14 Ontario Towns Bursting With Fall Charm

No better time to explore Ontario as the air crispens and the leaves change colours. Huge on charm, each of these smaller towns is well worth discovering.

1. Wellington: The heart of hip Prince Edward County

Courtesy of Drake Devonshire Inn /Photographer Nikolas Koenig

Wellington is technically a village, and it has all the charms of a village with a farming and beach community. Plenty of wineries and eateries abound. You can also enjoy Wellington’s fantastic arts scene and Sandbanks Provincial Park’s freshwater sand dunes. Plus there are some seriously stylish places to stay, including the very happening Drake Devonshire.

2. Niagara-on-the-Lake: Ontario charm personified

Guillén Pérez (CC BY-ND 2.0) / Via Flickr: mossaiq

Take a stroll through the beautifully preserved Niagara-on-the-Lake to transport yourself back to the 19th century. Tour some of the many nearby wineries. And if you like theatre, the Shaw Festival runs from spring to fall and offers award-winning shows that are not to be missed.

3. Dundas: History, boutique shopping, and great dining

Paul Bica (CC BY-SA 2.0) / Via Flickr: dexxus

 

This small town in the Dundas Valley features a variety of specialty shops and restaurants, ranging from award-winning contemporary French to Indian to a lovely farmers market, all amongst historic, 19th-century buildings and quiet, picturesque streets. And don’t forget about Spencer Gorge Conservation Area with Tew’s Falls and Webster’s Falls if you want to escape civilization into the changing colours of fall.

4. Huntsville: All the best of Muskoka in one place

Sam Dao / Getty Images

Although Huntsville features unique boutique shopping and cultural treats like theatres, libraries, and art studios, it’s also abundant in natural beauty. Located on the Canadian Shield, with resorts and lakes aplenty, Huntsville is also a great place to stay while exploring Algonquin Provincial Park.

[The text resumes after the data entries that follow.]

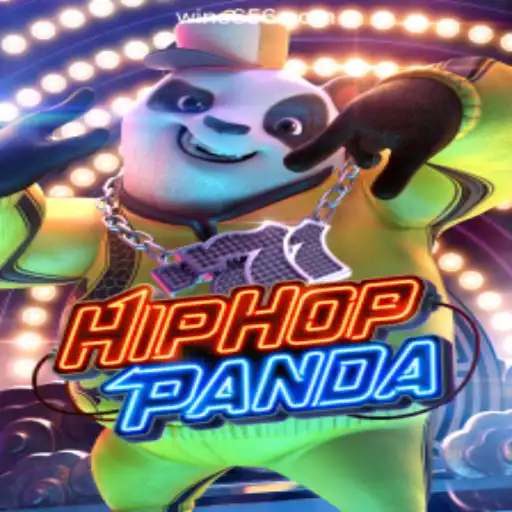 Discover the Thrilling World of HipHopPanda: Win Big with Official Slots in Brazil!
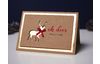 Kraft paper A5, 25 pieces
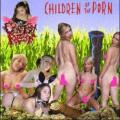 Cemetery Rapist - Children Of The Porn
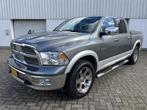 Dodge Ram 1500 5.7 V8 Crew Cab 5'7 /LPG onderbouw/NAP/Trekha, Automaat, Euro 5, Gebruikt, 8 cilinders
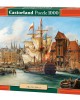 1000 κομμάτια THE OLD GDANSK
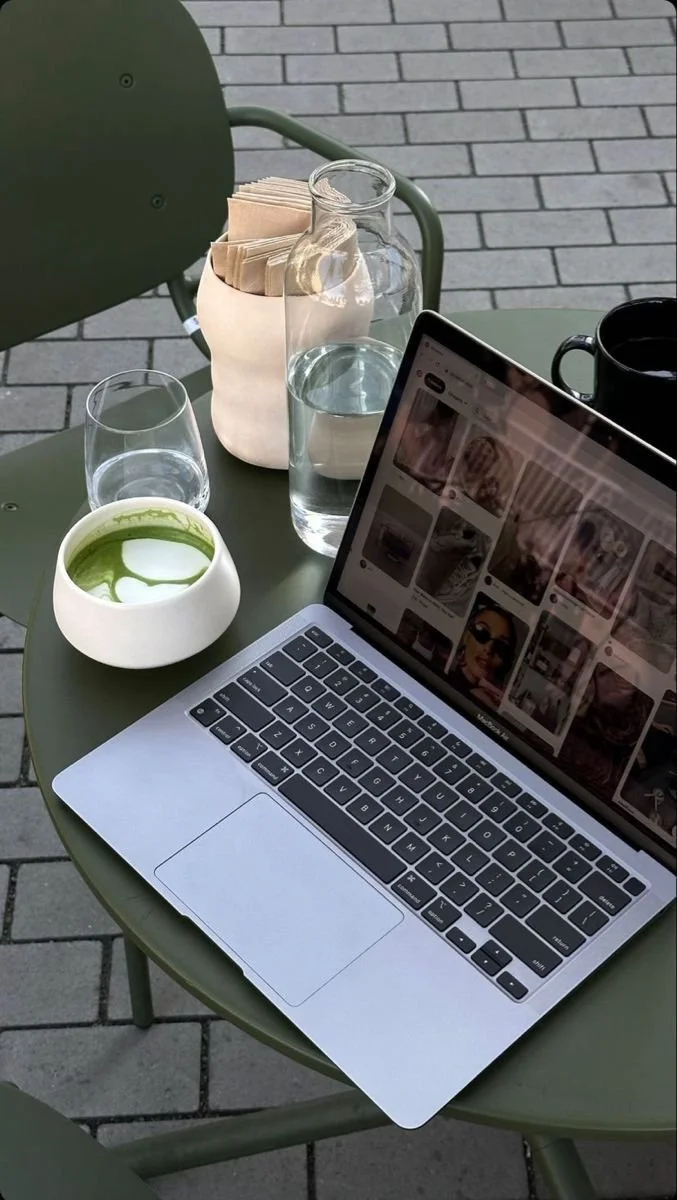 Accompagnement & bloc d’heures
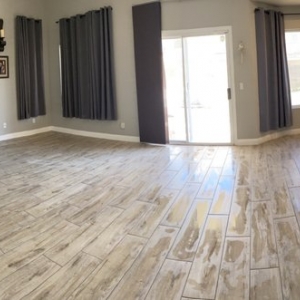 Photo of Kowalski Construction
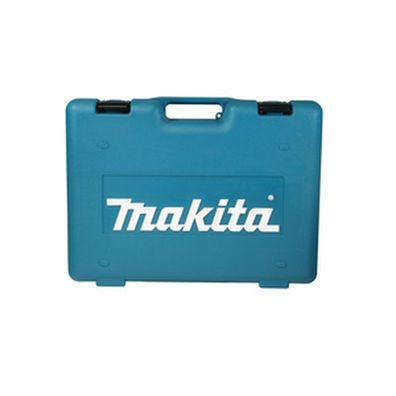 Makita Transportkoffer 824737-3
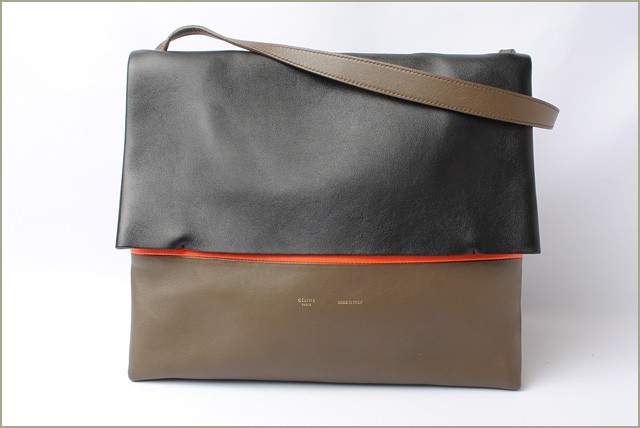 セリーヌ　CELINE　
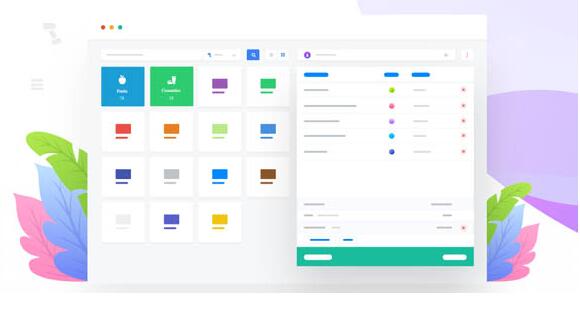 wePOS Pro v1.1.1（已汉化） – WooCommerce的销售点插件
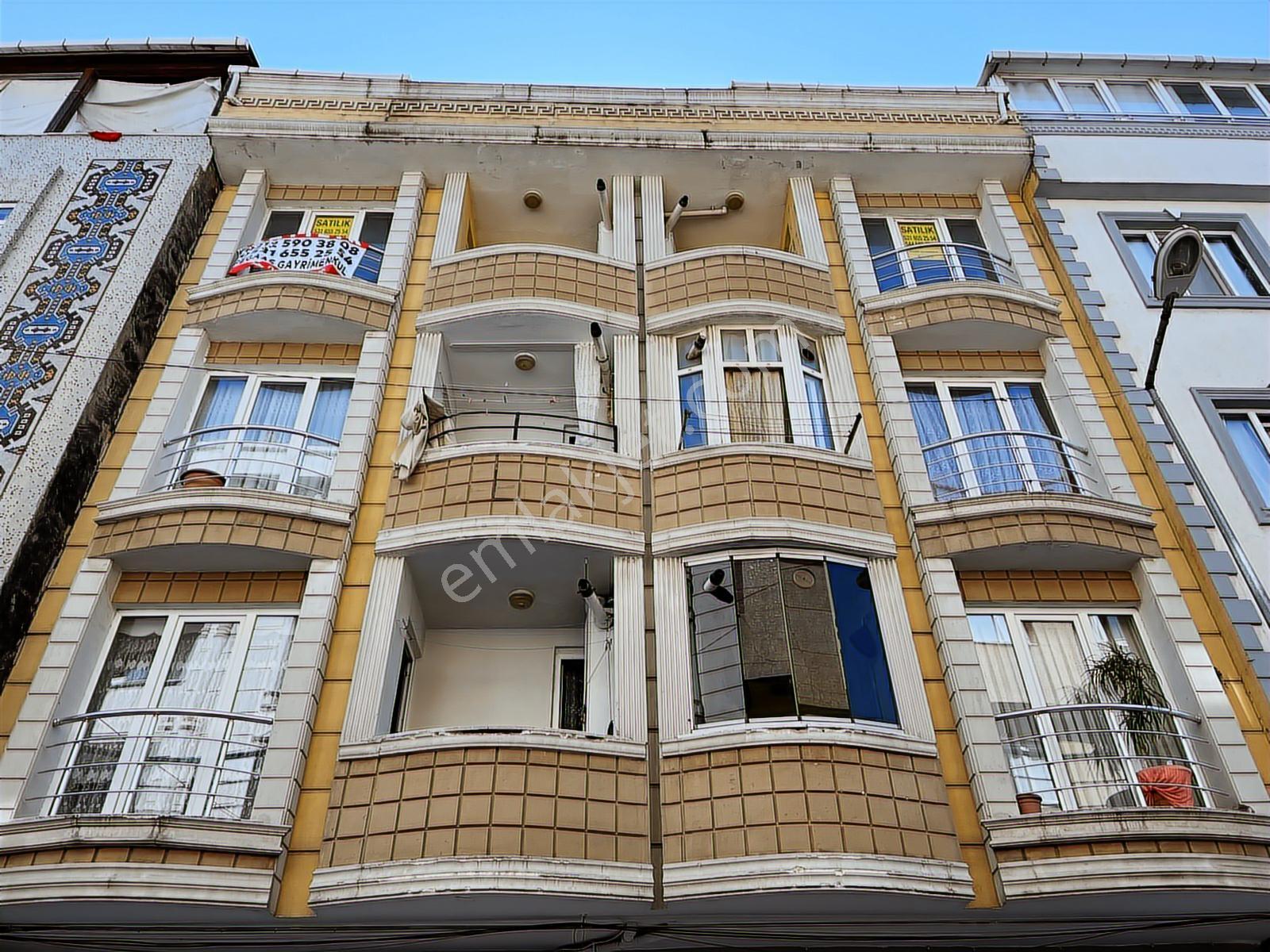 Pegaas'tan Esenyurt Meydana 1dk Temiz 4+2 Satılık Dubleks Daire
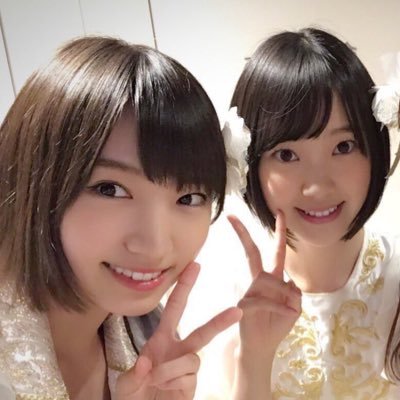 NMB48のさや姉神推し！乃木坂46⊿みなみ、あしゅ、ひめたん推し！⊿欅坂46⊿菅井友香、長濱ねる、志田愛佳推し⊿野球好き広島東洋カープファン！⊿ハイキュー⊿   気軽にフォローよろしくっ！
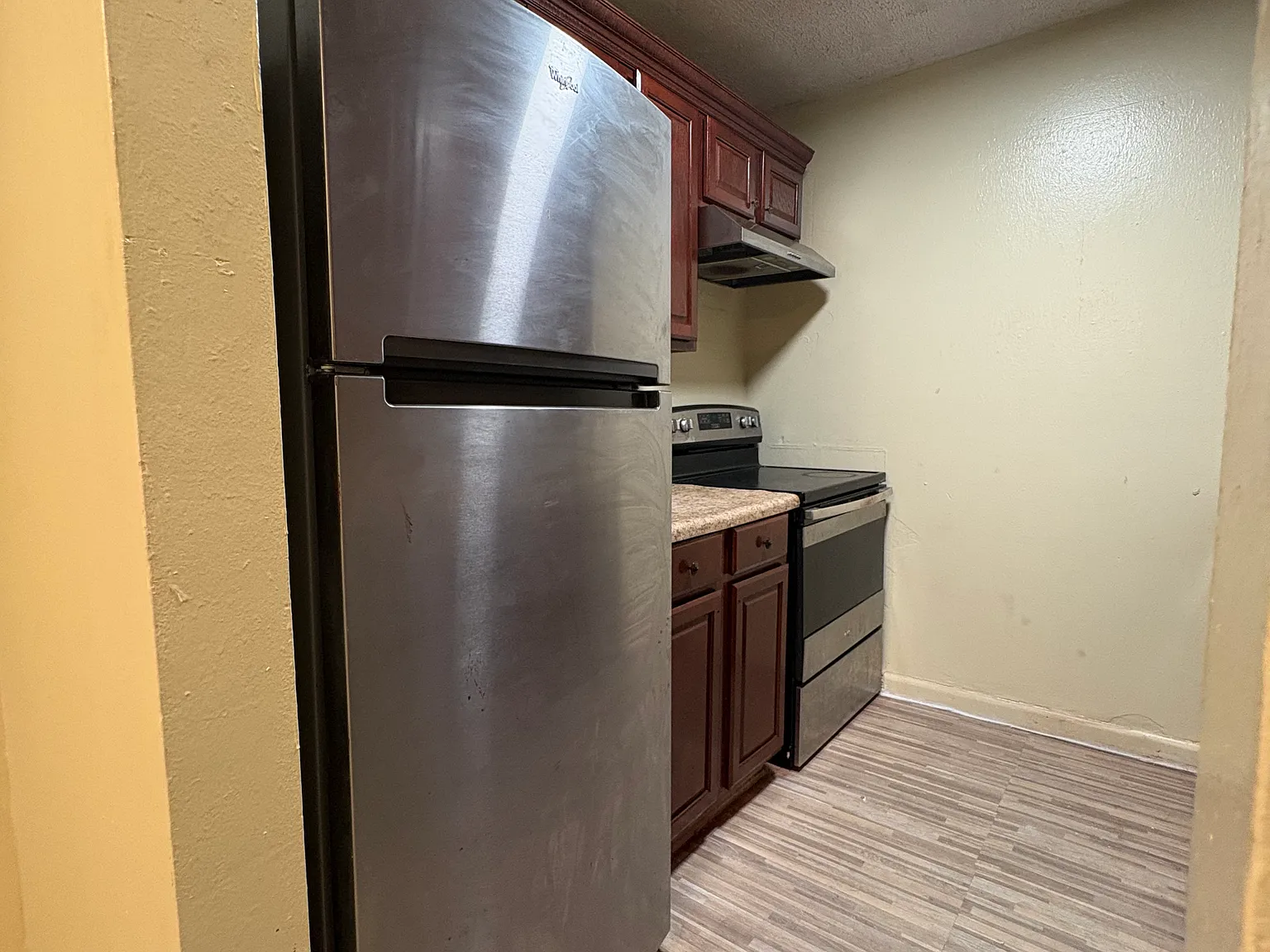 2440 NW 39th Way — Photo 4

5. Port Hope: The gateway to picturesque Northumberland

Courtesy of Stephen Hardley / Via Flickr: 9711821@N05

With a designated heritage conservation downtown, Port Hope is the prettiest picture of a quaint town. In fact, Port Hope has 300 designated buildings, which is more per capita than any other place in Canada. Port Hope’s beautifully preserved Main Street makes a great starting point for a fall driving tour of Northumberland.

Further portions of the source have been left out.